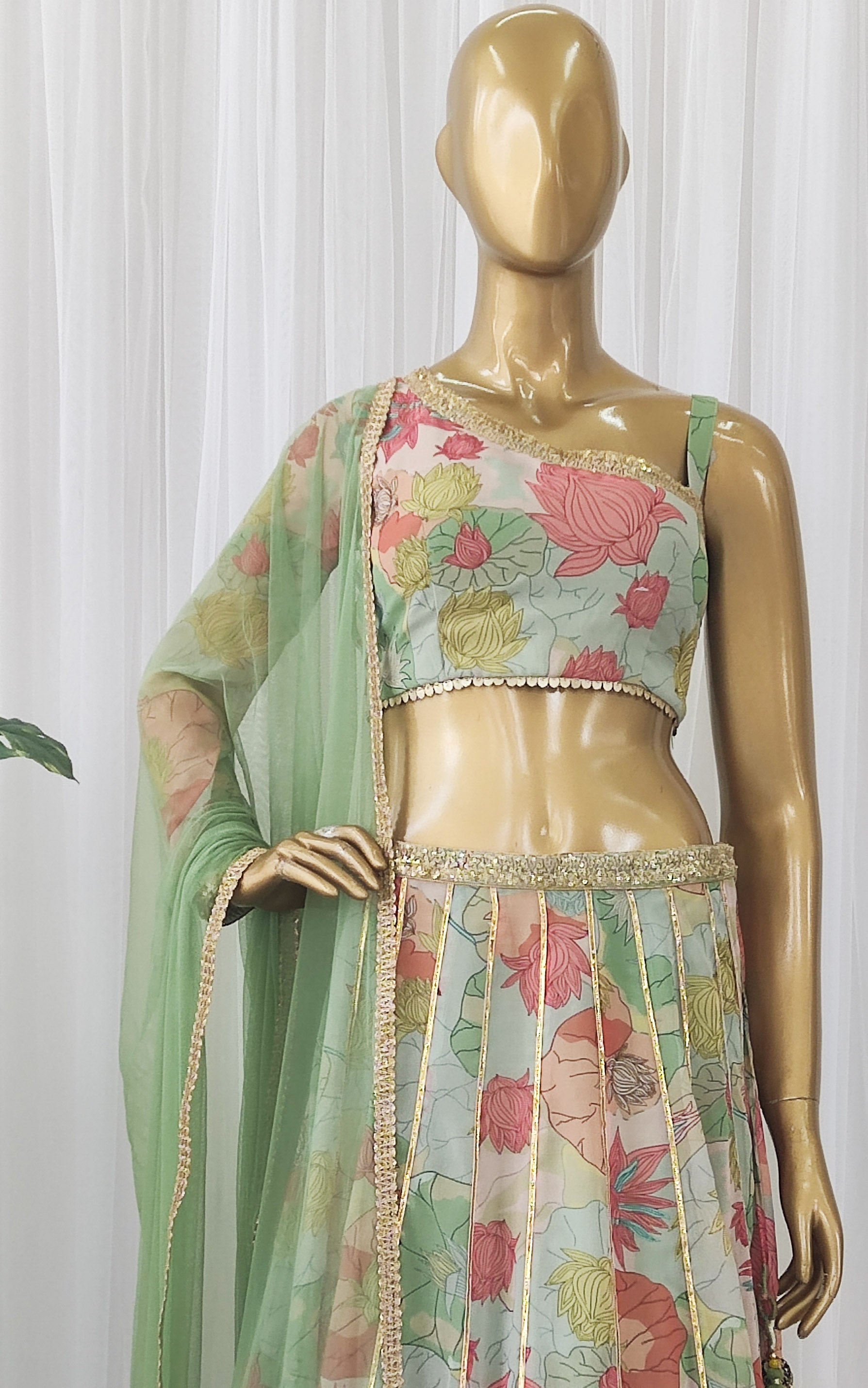 Multicolor Lotus Print Sequinwork Lehenga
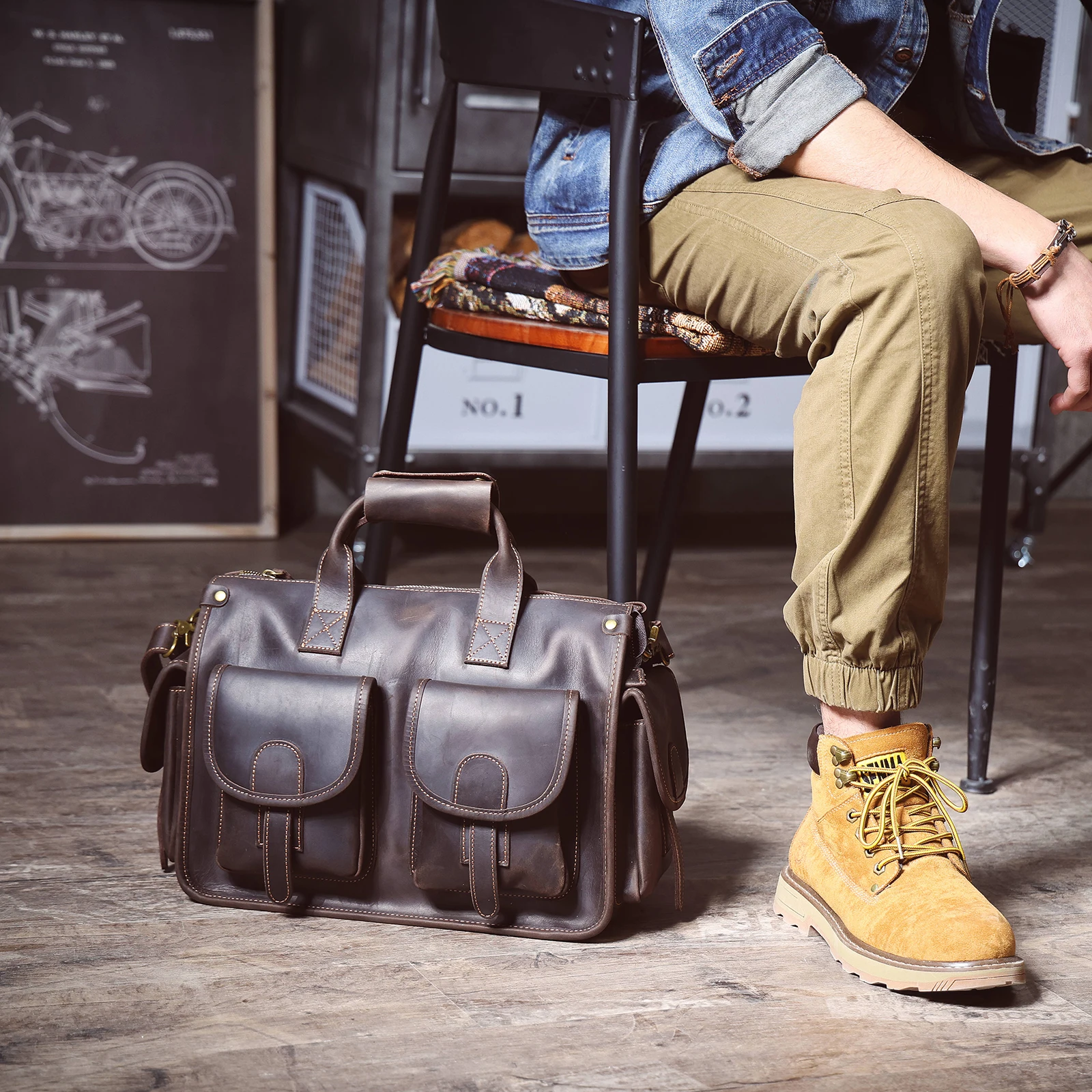 S.WORKER Vintage Genuine Leather Men's Briefcase 14" Laptop Bags Crazy Horse Leather Messenger Handbag Cowhide Idea Gift For Men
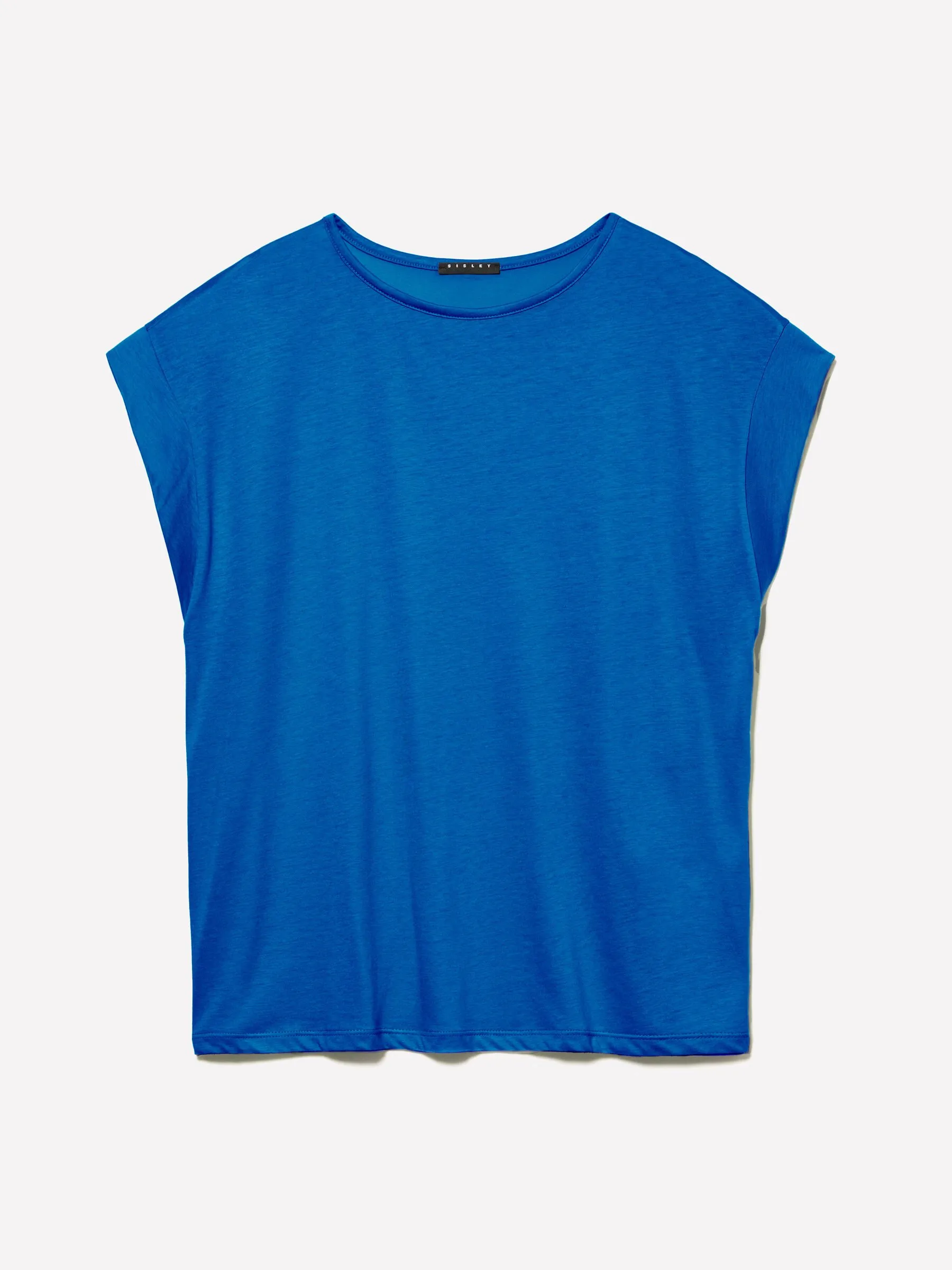 T-shirt blu con maniche a kimono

=======

Without the pictures, transcribe the listing exactly as it stands.

 Multicolor Lotus Print Sequinwork Lehenga
 S.WORKER Vintage Genuine Leather Men's Briefcase 14" Laptop Bags Crazy Horse Leather Messenger Handbag Cowhide Idea Gift For Men
 T-shirt blu con maniche a kimono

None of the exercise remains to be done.